当初は全部個人保証だったし、設備投資もどんどんやったから、15~16億円の借金を一身に背負ってやっていました。上場して3年で無借金経営になった時にようやく重圧から解放されましたよ。

選択の余地もなく経営の道に入ったわけですが、そのおかげで迷うという無駄なことをせずに済んだのは、逆によかったかもしれません。人生というのはそんなふうに、なかなか自分の思いどおりにはいかないものです。けれども、不本意な中でもベストを尽くしていると、その中で僅かずつでも自分のやりたいことが見えてくるというのがいまの実感ですね。金丸さんも、創業の頃は随分苦労されたでしょう。

〈金丸〉 
バブルの頂点で会社をつくりましたから、人を採用するのにものすごく苦労しましたね。面接に来た派遣の女性が、事務所をチラッと見ただけで、ドアをパタンと閉めて逃げていくんですよ(笑)。せめて話くらい聞いてくださいって、3人くらい追いかけたのを覚えています(笑)。

〈牛尾〉 
そんな苦労もあったんですね(笑)。

〈金丸〉 
その頃の私の周りのベンチャー経営者は、何か困ったことがあると牛尾さんに相談に行っていたんですが、私はできる限り自力で頑張ろうと思っていました。それでも牛尾さんは私のことを気に懸けてくださって、折に触れて貴重なアドバイスをくださいましたね。

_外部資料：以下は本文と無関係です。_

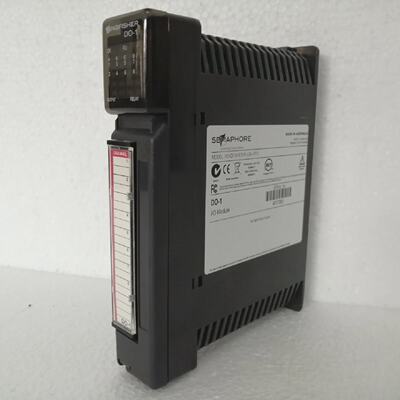 Kingfisher Plus Semaphore IO Module  RTU DO1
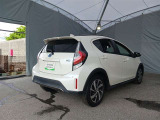 大きすぎず、小さすぎず、運転もしやすくシートアレンジも多彩で、どの世代の方にも気に入っていただけるお車です♪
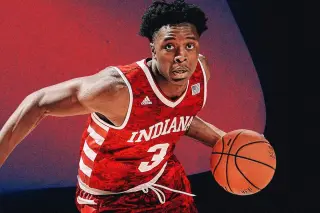 Relentless ascent: OG Anunoby’s journey from Indiana to clutch Finals moments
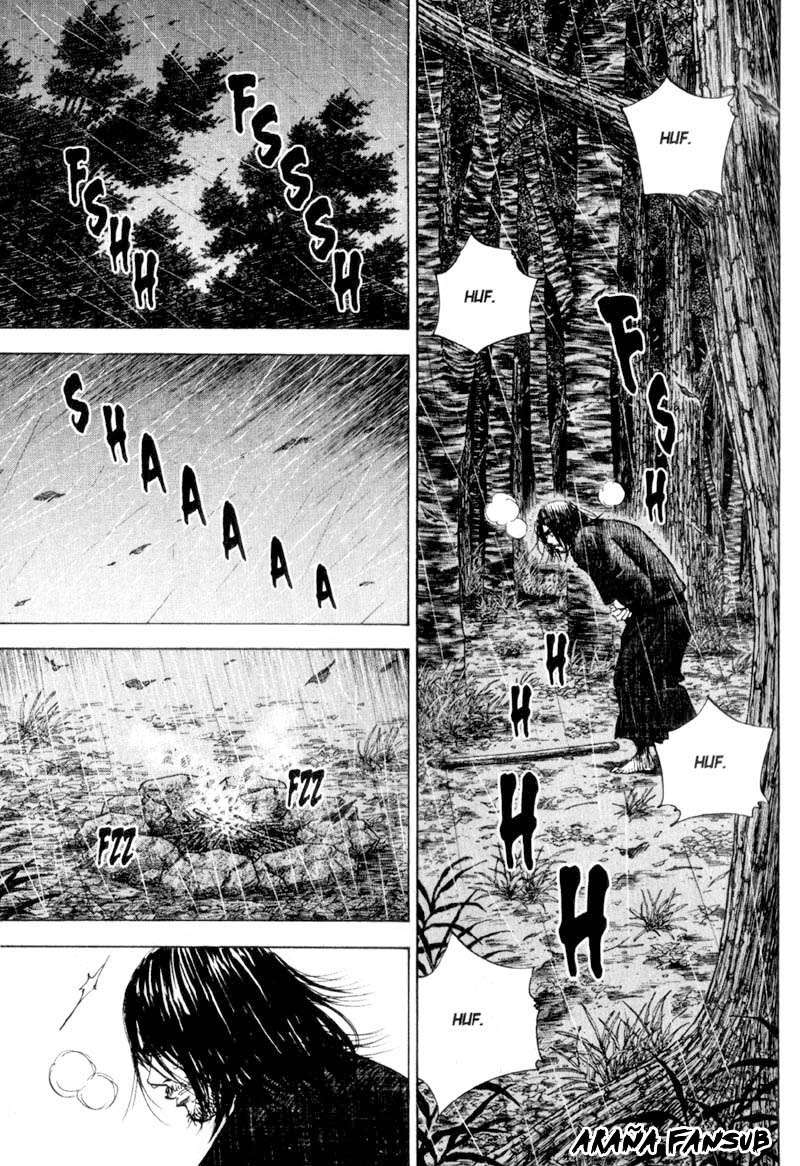 Read Vagabond ES Manga Online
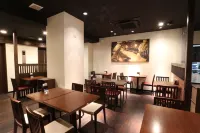HOTEL NAHA CITY-KOKUSAI STREET - Bữa sáng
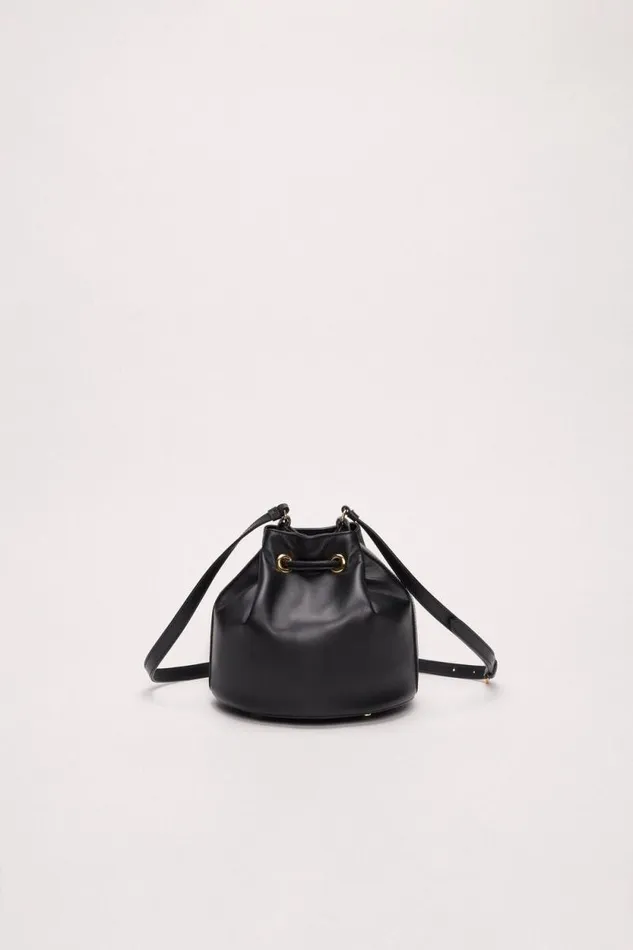 Luisa Spagnoli Ialiso Women Crossbody Bags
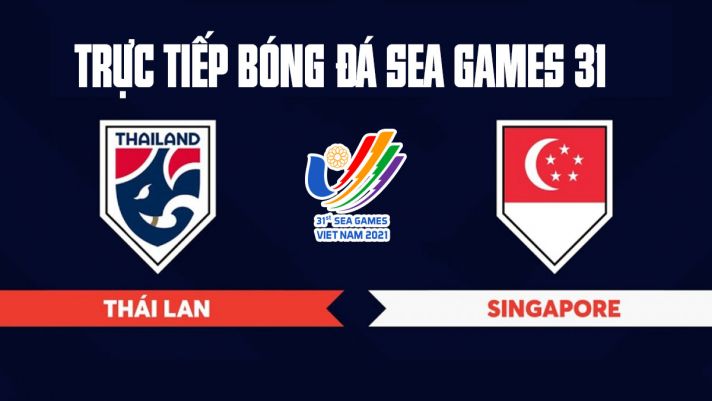 Kết quả bóng đá U23 Thái Lan vs U23 Singapore: 'Khắc tinh' của HLV Park thách thức U23 Việt Nam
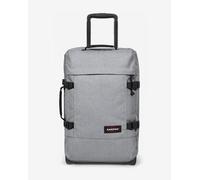 Eastpak Tranverz 42l Trolley Bag Grey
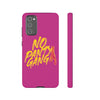 NPG PINK Tough Cases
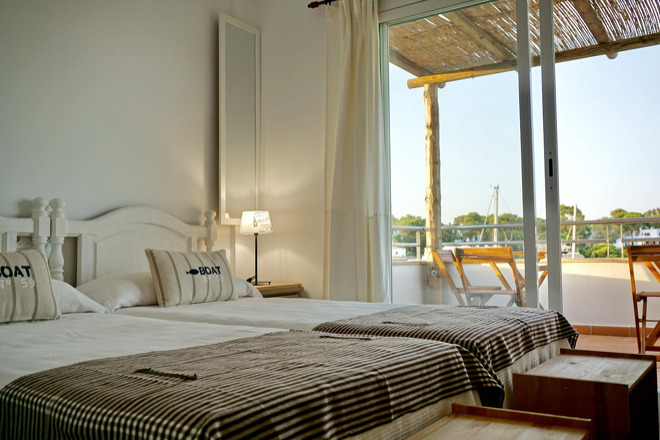 Ferienhaus Ribeiro (f324) in Cala D'or Foto 41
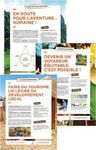 GUIDE POUR CR&Eacute;ER VOS &Eacute;V&Eacute;NEMENTS - Mouvement &eacute;quitable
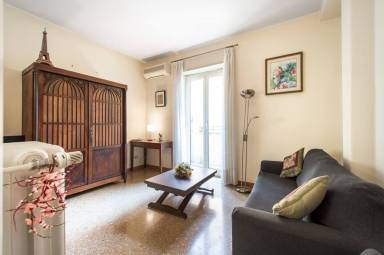 Apartment  Quartiere XVI Monte Sacro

その後、一部上場まで一気に駆け上がったんですが、大きなプロジェクトが立て続けに納期遅れや品質問題に直面し、売上と利益が初めて落ちた時に、牛尾さんは「これはチャンスだ」と。会社の業績が悪い時には、日頃打てなかった手を全部打てる。改革するならいまなんだと。おかげさまで、それを機に再び筋肉質な経営体質に戻し、組織を覆っていた油断や驕りも一掃して、もう一度成長の軌道に乗ることができました。牛尾さんのおかげで、客観的な視点を取り戻すことができたんです。

〈牛尾〉 
やっぱり私も同じようなことを経験してきていますから、金丸さんの気持ちがよく分かるんですよ。

これからのリーダーに必要な意識改革

〈牛尾〉 
いまは日本の社会とともに、企業のリーダーにも大きな意識変革が求められていますね。ただこれからは、トップが主導で変革を進めていけるほど単純な時代ではありません。
トップが一手に担って皆が従うのがいいのか、部下に提案させて承認するのがいいのか、しっかりと見極めることが重要ですね。

〈金丸〉 
カリスマ的なリーダーというのは、自分を基準に考えていると正常なジャッジができなくなるので、自己抑制能力というのが求められますね。勝負するタイミングと、そこにつぎ込む資源を考える際もそうです。中途半端な勝負は勝利に繋がらないばかりか、敗北に繋がるケースのほうが大きいですからね。

〈牛尾〉 
これまでトップが処理していた難しい仕事を、いろんな人に担当させて経験を積ませながら、その中からよい対策を選んでいくことも大事だと思います。特にいまの日本には、中国、韓国、アメリカという優秀な競争相手がいますから、世界中の流れを掌握して、考えられるような人を育てることが急務ですね。

〈金丸〉 
私どもの分野でも、主流は集中処理型ではなくて、分散型に移行しています。実際の仕事もいろんな人に分担させて、会社の頭脳の分散を進めておいたほうがいいですね。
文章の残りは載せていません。